Given records:
————————

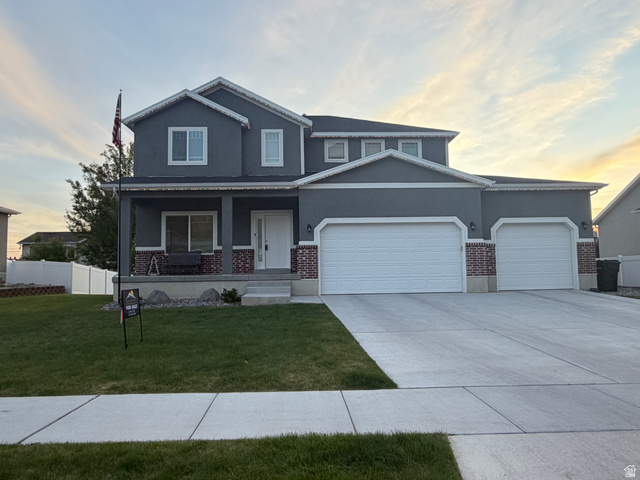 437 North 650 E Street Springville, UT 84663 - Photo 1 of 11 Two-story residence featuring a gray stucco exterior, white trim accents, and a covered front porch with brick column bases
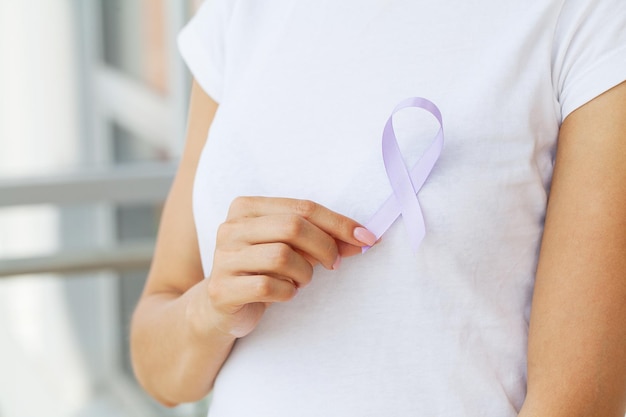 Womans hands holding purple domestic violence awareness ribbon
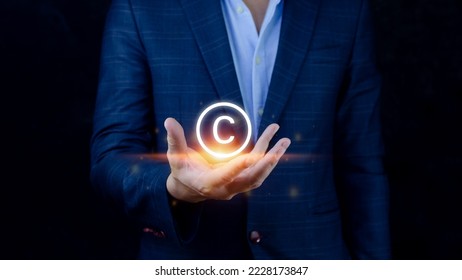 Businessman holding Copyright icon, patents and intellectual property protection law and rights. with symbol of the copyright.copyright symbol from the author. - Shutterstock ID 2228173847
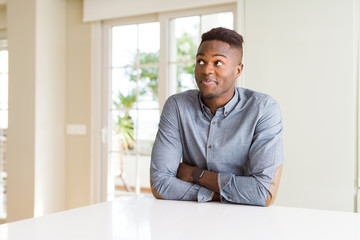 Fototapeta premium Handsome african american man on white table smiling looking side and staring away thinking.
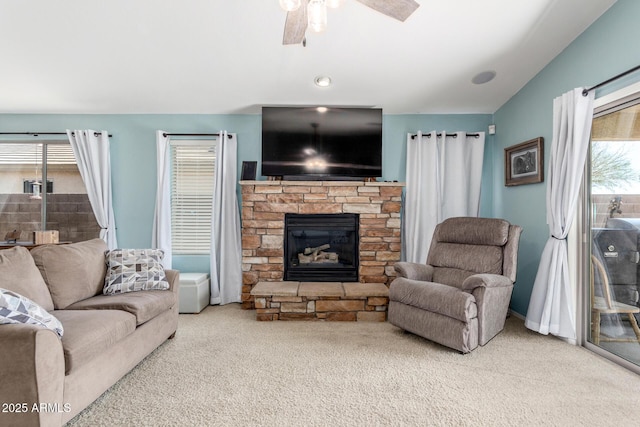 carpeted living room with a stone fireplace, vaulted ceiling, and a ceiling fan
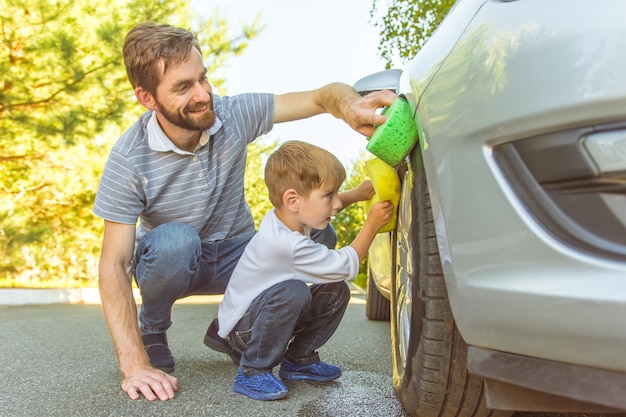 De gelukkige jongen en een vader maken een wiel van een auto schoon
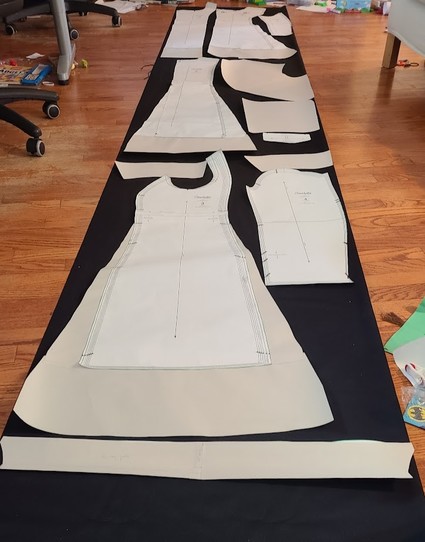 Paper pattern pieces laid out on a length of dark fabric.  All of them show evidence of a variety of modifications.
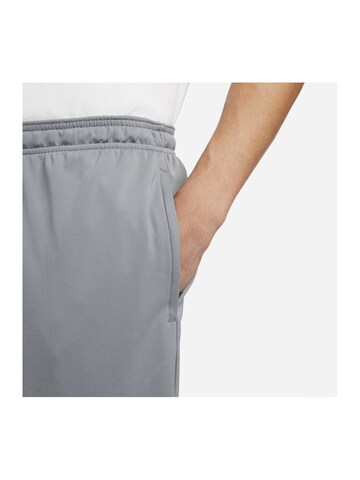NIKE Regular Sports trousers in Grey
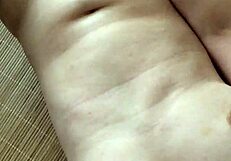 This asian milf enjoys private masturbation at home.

————————

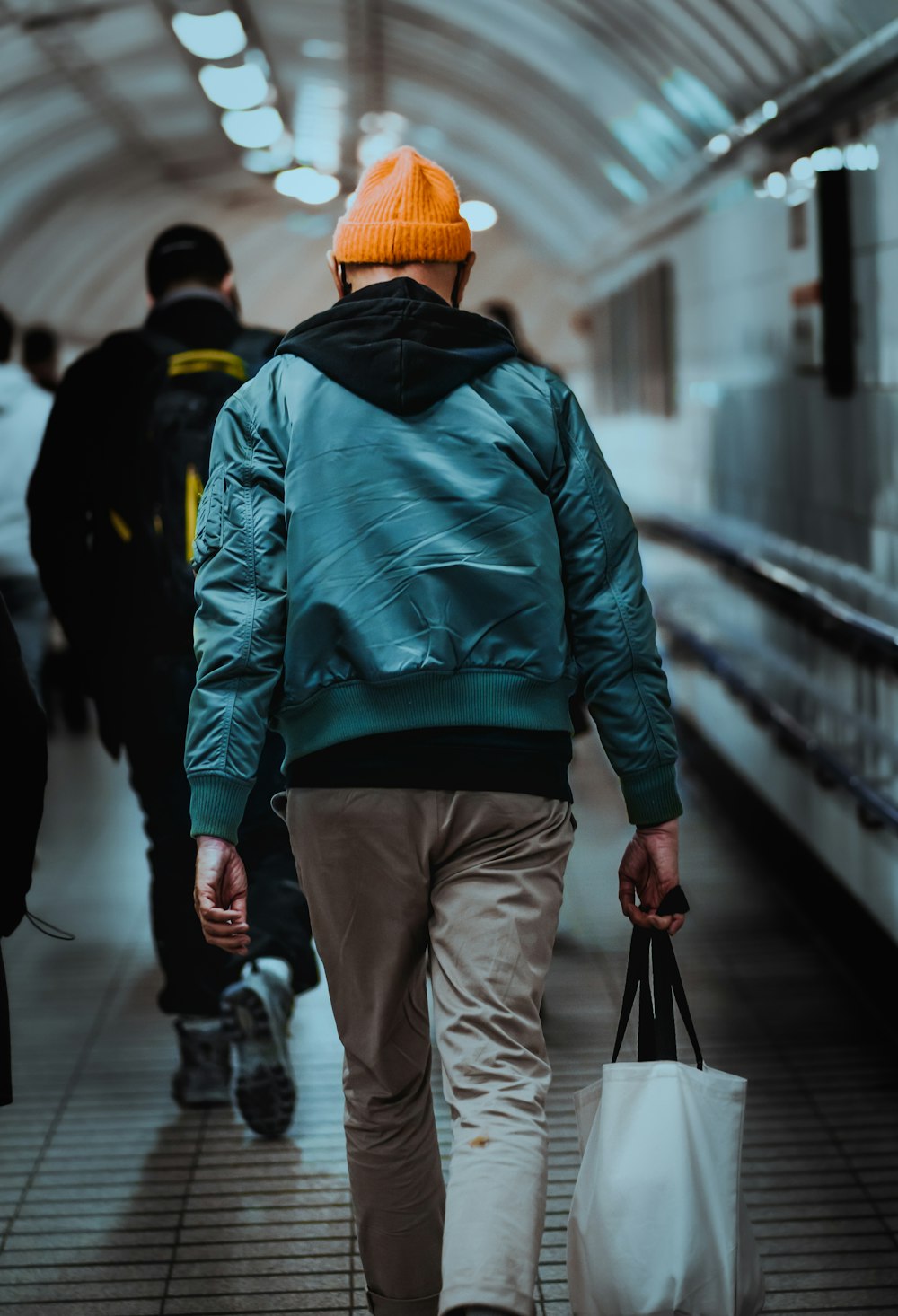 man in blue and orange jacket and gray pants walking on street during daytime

————————

Exercise directions: Each line above that falls between the line with "Paper pattern pieces" and the line with "This asian milf" should be printed exactly, together with those two lines, but the pictures should not.

Output:
 Paper pattern pieces laid out on a length of dark fabric.  All of them show evidence of a variety of modifications.
NIKE Regular Sports trousers in Grey
 This asian milf enjoys private masturbation at home.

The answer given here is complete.